Congratulations to Fr. Raúl Gómez-Ruiz, SDS, president-rector of Sacred Heart Seminary and School of Theology, who recently had a review published in the Journal of Hispanic/Latino Theology. The bibliographic information and link to the review:
Cuéntame: Narrative in the Ecclesial Present, by Natalia Imperatori-Lee. In Journal of Hispanic/Latino Theology, http://repository.usfca.edu/jhlt vol. 22, n. 1 (June 2020).
Travel in the time of COVID-19
India has been hit especially hard by the pandemic. Much of the country is under travel restrictions. Br. Thambi Joseph, SCJ, shares some of the challenges he and fellow Dehonians recently faced, trying to get home to Andhra Pradesh. He writes:
“Two days before we started our journey, we learned of the new rules for our fifth lockdown in India. We no longer needed an e-pass to enter our state, but states still had the authority as to whether to accept federal rules. We brought along a copy of the latest rules of the central government, assuming that we would be allowed to enter our destination of Andhra Pradesh.

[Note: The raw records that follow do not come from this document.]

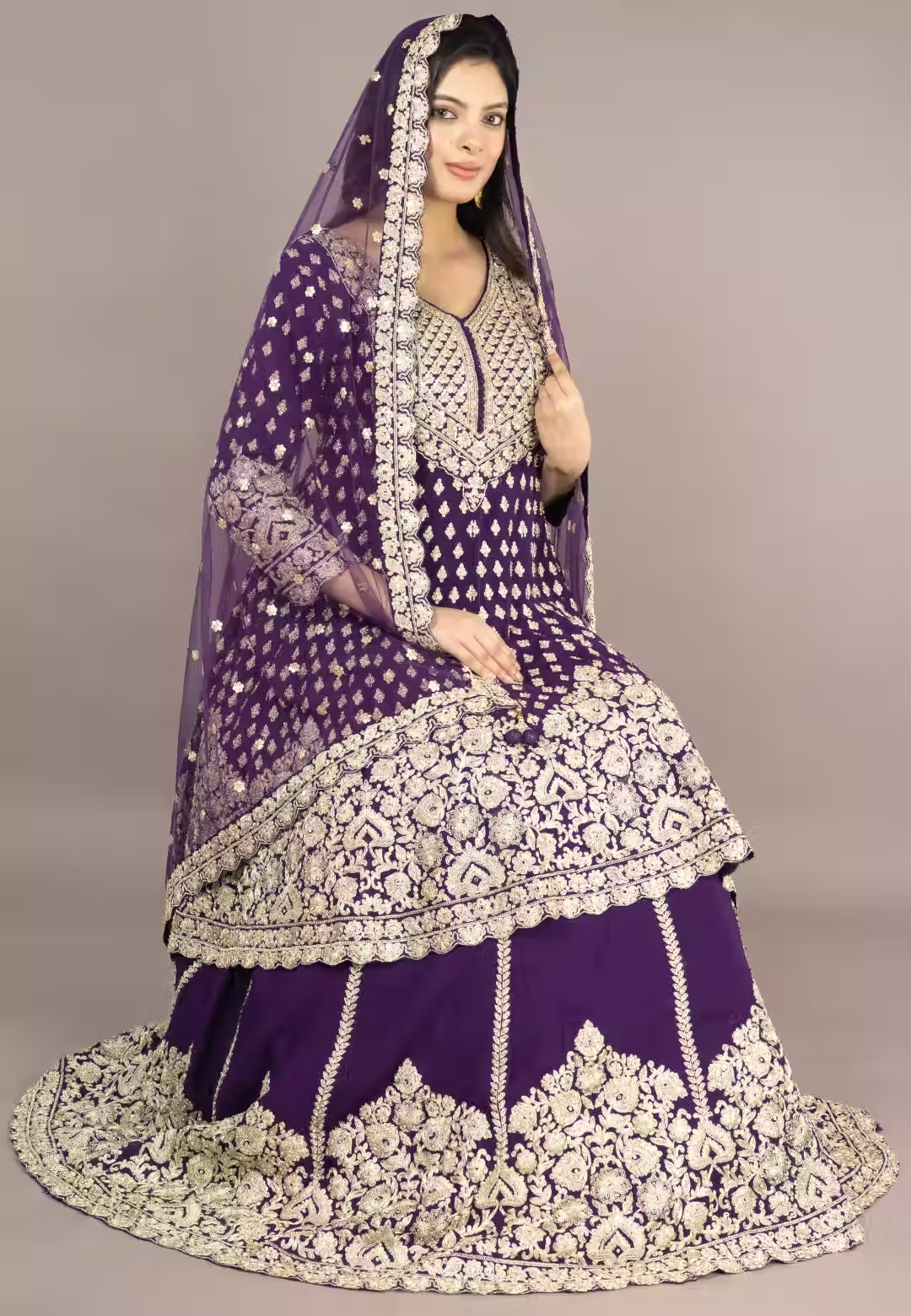 Purple Paplom Suit With Skirt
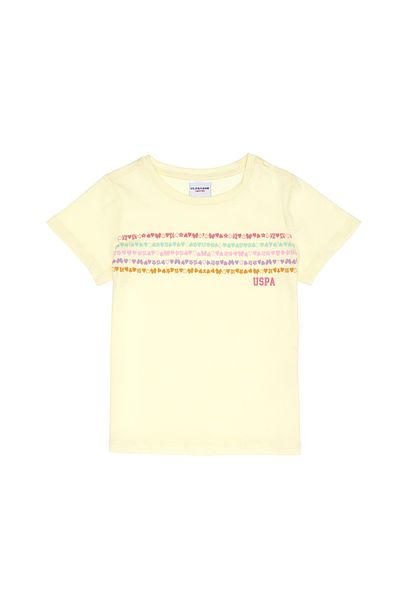U.S. Polo Assn. Girls' Lemon Crew Neck Cotton Color Printed T-Shirt 50306244-Vr035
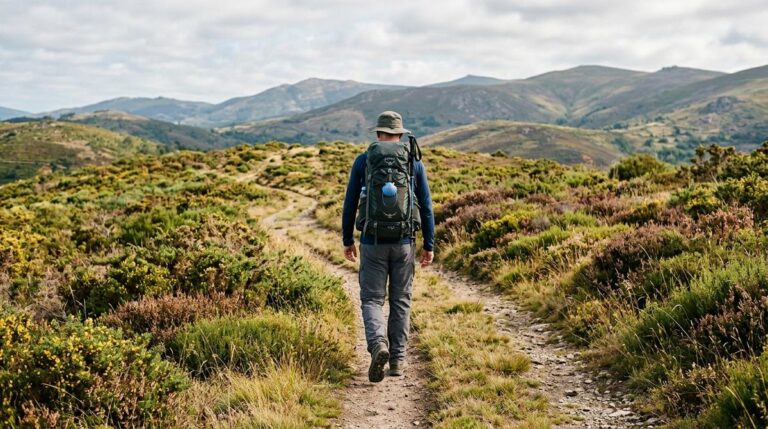 Peregrino Caminando Por Un Sendero De Montana Rodeado De Brezales Y Matorral En La Serra Do Careon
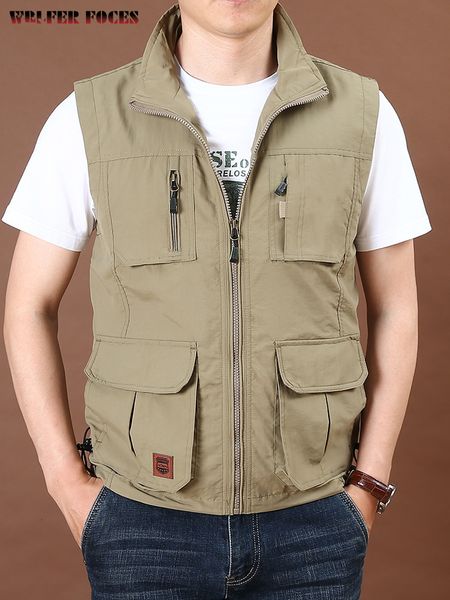 

men's vests men's thin tooling loose quick drying vest men's outdoor sports multi pocket stand collar vest spring camping fis, Black;white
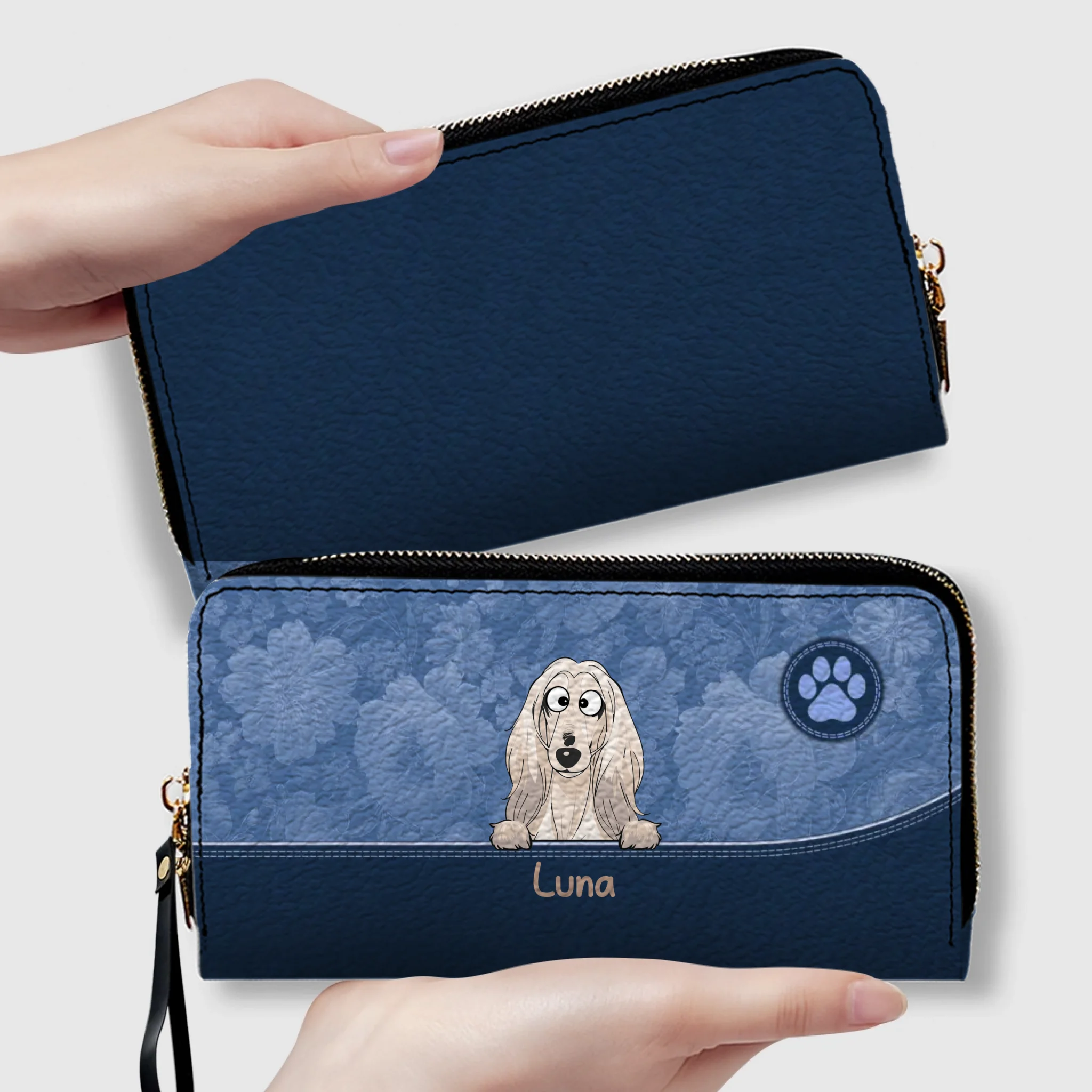 Simple Dog Wallet Custom Name – Everyday Minimal Pet Design - 89Prints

“At 4:15 a.m. we left our house in Chennai with a car full of luggage. We prayed the rosary together, praying for an easy border crossing from Tamil Nadu. An hour later we reached the border. The officer asked for our e-pass.
“We said nervously “Sir, we don’t have any e-pass.” He asked us where we were going and we told him Andhra Pradesh. After seeing our state ID cards he allowed us to continue. But we only got about 500 meters. At the border of Andhra there was a wall of 15 policemen. We approached them and were told to stop our vehicle along the side of the road. Once again we were asked for our e-pass. We told the officer that we did not have an e-pass because the central government said that they were no longer needed to enter one’s own state. Unfortunately, Andhra Pradesh had not adopted these new rules.
“Although the policemen were very polite with us, we were stuck between the two states. We could not enter Andhra and we could not go back to Tamil Nadu.”